» **EXERCISE DESCRIPTION**: What you return should be the complete data below, word for word, with no pictures in it.

++++ SUPPLIED INFORMATION ++++

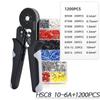 XINQI HCS8 10-6A 10mm2 Tube Terminals Crimping Pliers Set with Storage Bag &  Hand Tools Electrician Crimper Crimping Pliers
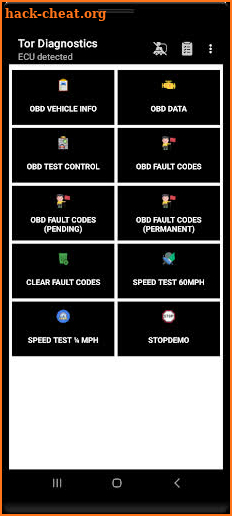 Tor OBD2 Diagnostics screenshot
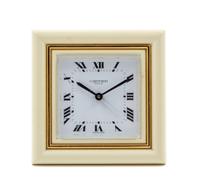 A Cartier Desk Clock Height 3 x width 3 inches.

++++

» **OUTPUT FOR THIS TASK**:
 XINQI HCS8 10-6A 10mm2 Tube Terminals Crimping Pliers Set with Storage Bag &  Hand Tools Electrician Crimper Crimping Pliers
 Tor OBD2 Diagnostics screenshot
 A Cartier Desk Clock Height 3 x width 3 inches.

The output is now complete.